Digg Labs, like most experiments with visualizing data, has been driven primarily by an attempt to cope with a stream of information abundant enough to be overwhelming.

As the site's popularity soared over the past several years, user-submitted content began appearing and disappearing from the front page too quickly for most readers to see. Digg founder Kevin Rose commissioned Stamen to create visual ways for users to find headlines, as well as to see patterns and trends in the content flow.

The result, launched last July, has been four flash-based applications that illustrate readers' activities. One view, called Stack, represents individual users' votes for stories as bricks falling Tetris-like into stacks, creating a bar graph of popular headlines that grows in real time.

Another view, dubbed Swarm, offers an eerily beautiful look at how individual users cluster around popular stories.
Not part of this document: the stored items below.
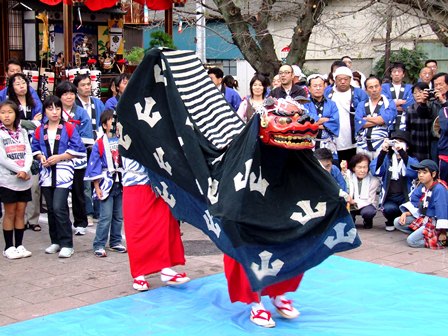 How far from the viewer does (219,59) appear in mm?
27453

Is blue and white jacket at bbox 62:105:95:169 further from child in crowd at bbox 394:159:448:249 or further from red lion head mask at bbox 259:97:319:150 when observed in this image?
child in crowd at bbox 394:159:448:249

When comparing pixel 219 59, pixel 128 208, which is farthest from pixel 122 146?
pixel 219 59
Visually, Swarm is reminiscent of cells under a microscope, with individual users attaching themselves to circles representing stories. When the same user votes for two stories, a tentacle reaches out and tugs those "cells" closer together.

As far as the analytic tools go, the company itself rates the experiments as a success. In an e-mail interview, Digg creative director Daniel Burka says that Digg Labs' tools have influenced the company's interface design by exposing how readers move between content areas and "swarm" around stories.

"After seeing users congregate around stories and examining their relationships, we've tweaked our algorithms to take [content] diversity into account when determining how popular a story really is," Burka says. This allows a wider range of subjects to show up on the home page, for example. "Many of the lessons we've learned in the Labs are also influencing future feature development and the general direction of the site."

Many readers have reacted enthusiastically. The April release of an API (application programming interface) allowing outsiders to build their own visualizations using Digg's data has sparked dozens of independent Digg interfaces, such as Digg City, the winner of a recent contest calling for reader submissions.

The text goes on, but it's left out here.